UserSolver

class kona.user.UserSolver(num_design, num_state=0, num_eq=0, num_ineq=0)[source]

Bases: object

Base class for Kona objective functions, designed to be a template for any objective functions intended to be used for kona.Optimize().

This class provides some standard mathematical functionality via NumPy arrays and operators. However, attributes of the derived classes can have different data types. In these cases, the user must redefine the mathematical operation methods for these non-standard data types.

This solver wrapper is not initialized by Kona. The user must initialize it before handing it over to Kona’s optimizer. Therefore the intialization implementation details are left up to the user entirely. Below is just an example used by Kona’s own test problems.

Parameters:
  • num_design (int) – Design space size
  • num_state (int, optional) – State space size.
  • num_eq (int, optional) – Number of equality constraints
  • num_ineq (int, optional) – Number of inequality constraints
Variables:
  • num_design (int) – Size of the design space
  • num_state (int) – Number of state variables
  • num_eq (int) – Number of equality constraints
  • num_ineq (int) – Number of inequality constraints
allocate_state(num_vecs)[source]

Allocate the requested number of state-space BaseVectors and return them in a plain array.

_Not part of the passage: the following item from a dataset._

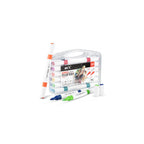 ART-X Acryl Marker Set - 12 Farben, Doppelspitzen, Für Kreative & Künstler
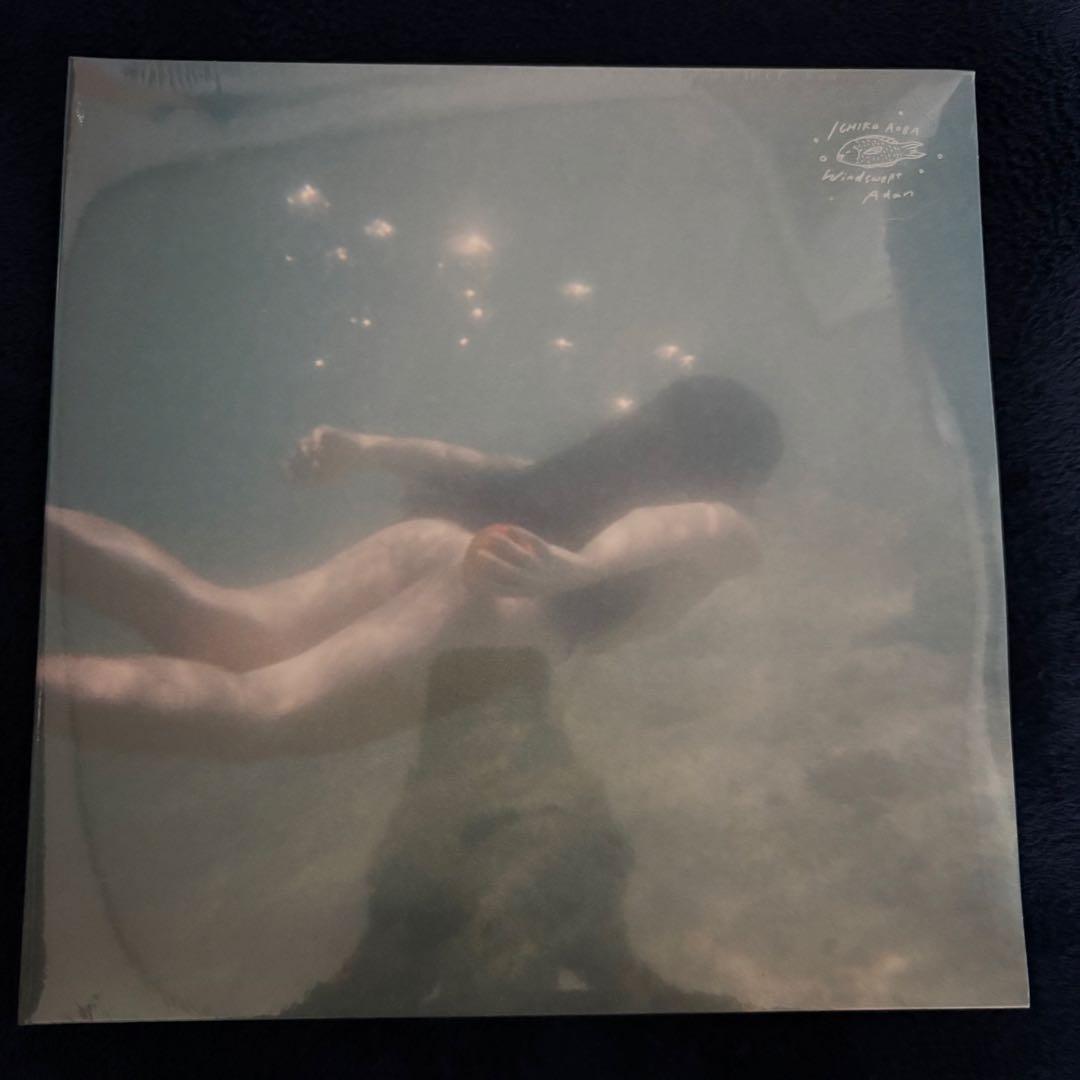 青葉市子「アダンの風」新品未開封　アナログ レコード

Parameters:num_vecs (int) – Number of state vectors requested.
Returns:Stack of BaseVectors in the state space
Return type:list of BaseVector
apply_precond(at_design, at_state, in_vec, out_vec)[source]

Apply the preconditioner to the vector at in_vec and store the result in out_vec. If the preconditioner is nonlinear, evaluate the application using the design and state vectors provided in at_design and at_state.

Note

If the solver uses factor_linear_system(), ignore the (design, state) evaluation point and use the previously factored preconditioner.

Parameters:
  • at_design (numpy.ndarray) – Current design vector.
  • at_state (BaseVector) – Current state vector.
  • in_vec (BaseVector) – Vector to be operated on.
  • out_vec (BaseVector) – Location where user should store the result.
Returns:

Number of preconditioner calls required for the operation.

Return type:

int

apply_precond_T(at_design, at_state, in_vec, out_vec)[source]

Apply the transposed preconditioner to the vector at in_vec and store the result in out_vec. If the preconditioner is nonlinear, evaluate the application using the design and state vectors provided in at_design and at_state.

Note

If the solver uses factor_linear_system(), ignore the (design, state) evaluation point and use the previously factored preconditioner.

Parameters:
  • at_design (numpy.ndarray) – Current design vector.
  • at_state (BaseVector) – Current state vector.
  • in_vec (BaseVector) – Vector to be operated on.
  • out_vec (BaseVector) – Location where user should store the result.
Returns:

Number of preconditioner calls required for the operation.

Return type:

int

current_solution(num_iter, curr_design, curr_state, curr_adj, curr_eq, curr_ineq, curr_slack)[source]

Kona will evaluate this method at every outer/nonlinear optimization iteration. It can be used to print out useful information to monitor the process, or to save design points of the intermediate iterations.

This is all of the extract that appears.